Consumer organisation Which? – represented by Hausfeld – has filed an opt-out collective claim against Qualcomm for over £480m on behalf of a class of around 29m UK consumers.
Which? claims that Qualcomm abuses its dominant position in the markets for standard-essential patents (SEPs) and chipsets, resulting in inflated costs for Apple and Samsung that are passed on to UK consumers in the form of higher prices for smartphones.
California-based Qualcomm, which told the BBC the case has “no basis”, develops wireless technology and holds SEPs that are necessary for handset manufacturers intending to implement standards like long-term evolution (LTE). It also produces baseband processor chipsets, which are necessary to produce LTE-compatible devices like smartphones.

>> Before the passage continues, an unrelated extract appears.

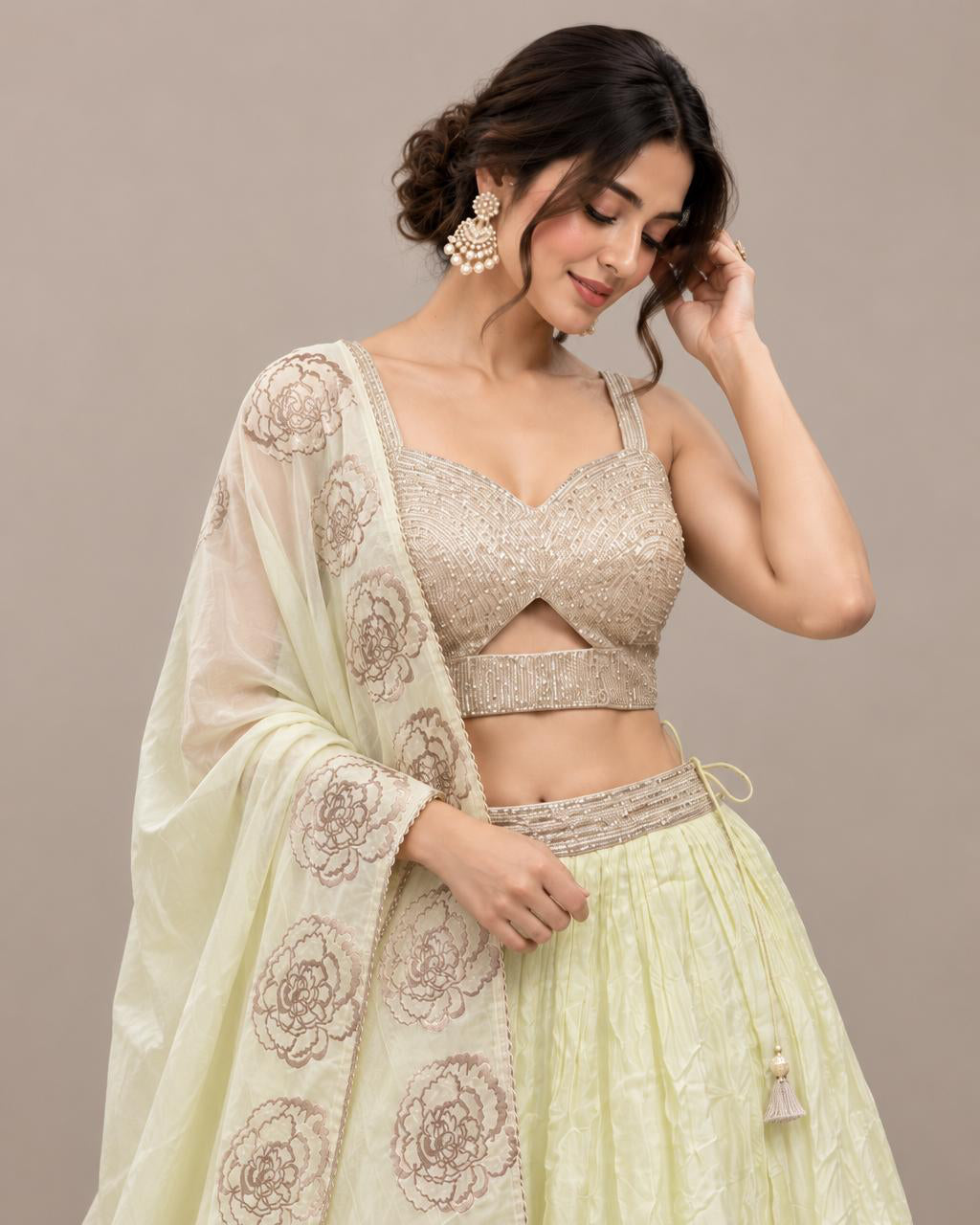 Pastel Lime Green Lehenga Choli Set with Sequin Embellished Blouse, Floral Dupatta & Printed Border | Festive Wedding Wear
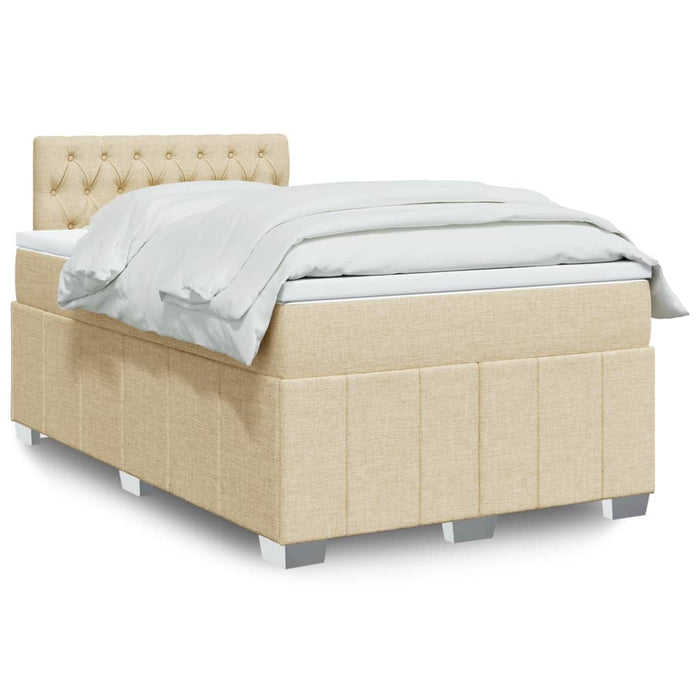 Pat box spring cu saltea, crem, 120x200 cm, textil - WALTI WALTI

Litigation boutique Hausfeld filed the claim on behalf of Which? with the Competition Appeal Tribunal late last month. The claim is Which?’s first to utilise the opt-out regime introduced by the Consumer Rights Act 2015, with Hausfeld London managing partner Anthony Maton commenting that it’s “exactly the type of claim” for which the opt-out regime was designed.
According to Hausfeld, the claim will argue Qualcomm employs two harmful and unlawful practices. The first is that it refuses to license its patents to other competing chipset manufacturers. The second is that it refuses to supply chipsets to smartphone manufacturers unless those companies obtain a separate licence and pay substantial royalties to Qualcomm.

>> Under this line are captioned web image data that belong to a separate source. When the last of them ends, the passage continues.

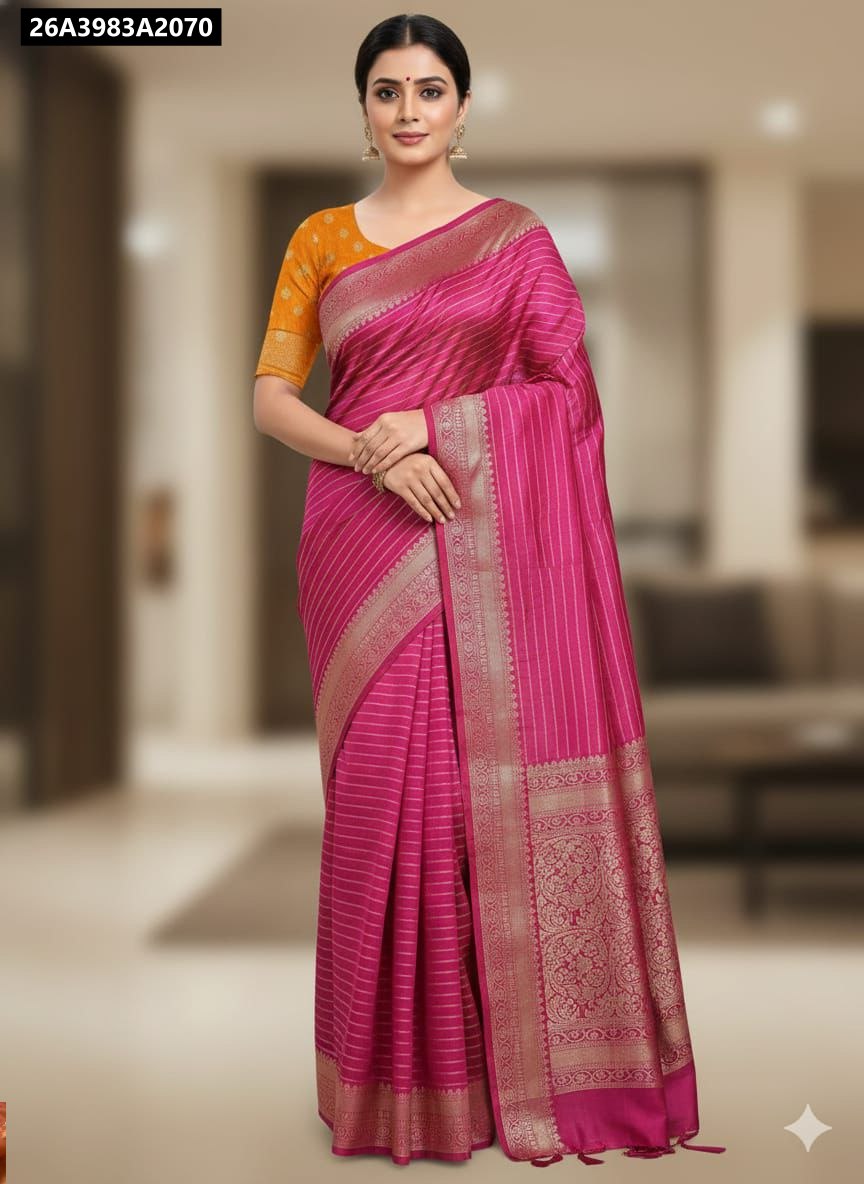 Model showcasing TRENDBUY Pink Dola Silk Saree with golden zari weaving, paired with an orange Dola silk sequined blouse, full body front view.
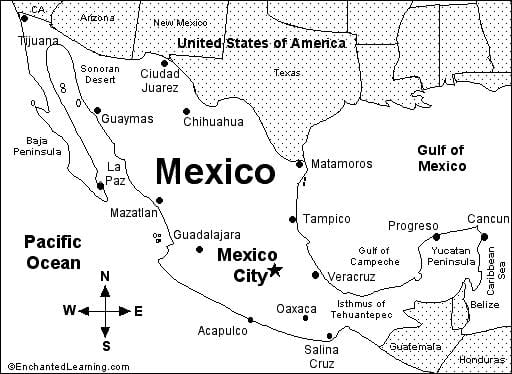 mapa de las escuelas de México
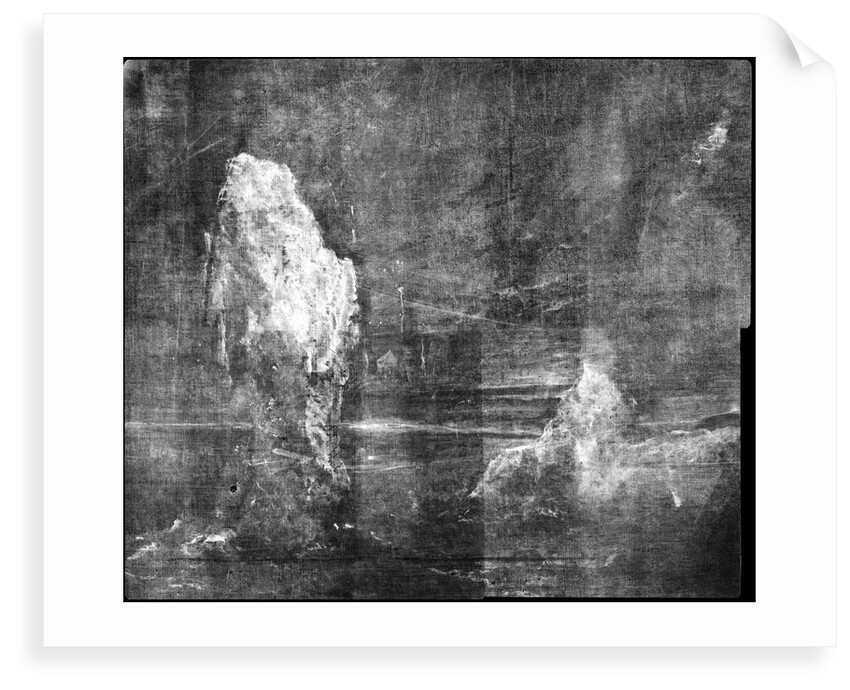 X-ray detail showing under-painting of icebergs in BHC2370 'View in Pickersgill Harbour, Dusky Bay, New Zealand' by William Hodges by William Hodges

The claim will also automatically include compensation claims for consumers that have bought certain models of Apple or Samsung smartphones since 1 October 2015.
If successful, Which? estimates that the consumers could be owed a collective £482.5m in damages, with payouts of up to £30 per person.
Which? CEO Anabel Hoult said in a statement: “We believe Qualcomm’s practices are anticompetitive and have so far taken around £480m from UK consumers’ pockets.
“We are sending a clear warning that if companies like Qualcomm indulge in manipulative practices which harm consumers, [we are] prepared to take action.”
Qualcomm told the BBC the plaintiffs are “well aware” their claims were “effectively put to rest” last summer by a panel of judges at the Ninth Circuit Court of Appeals in the US. Those judges controversially reversed a decision of the District Court for the Northern District of California, which had ruled in favour of the FTC in 2019 in its case against Qualcomm. The district court had found that Qualcomm had indeed broken federal antitrust laws by refusing to license its patents to direct competitors, placing an extra fee on rival chip sales through its patent licensing and entering an exclusive business deal with Apple.
Qualcomm has also been penalised roughly $2.6bn for antitrust behaviour in China, Korea and Taiwan and in 2018 was fined €997m by the EC for violating competition laws in a series of deals it made with Apple. The following year the EC imposed another fine of €242m on the basis Qualcomm abused its dominant position in the 3G chipset market, with the tech giant appealing both findings.
Noel Beale, director, competition – regulation at Burges Salmon, commented that Which?’s claim links to the EC’s prior decision for abuse of dominance, for the way Qualcomm has priced its chipsets and patents. “Consumer class actions for competition law infringements are in their early days, and Which? must be amongst those best placed to initiate this sort of legal action," he added. "It is bound to face all sorts of legal and evidential challenges.”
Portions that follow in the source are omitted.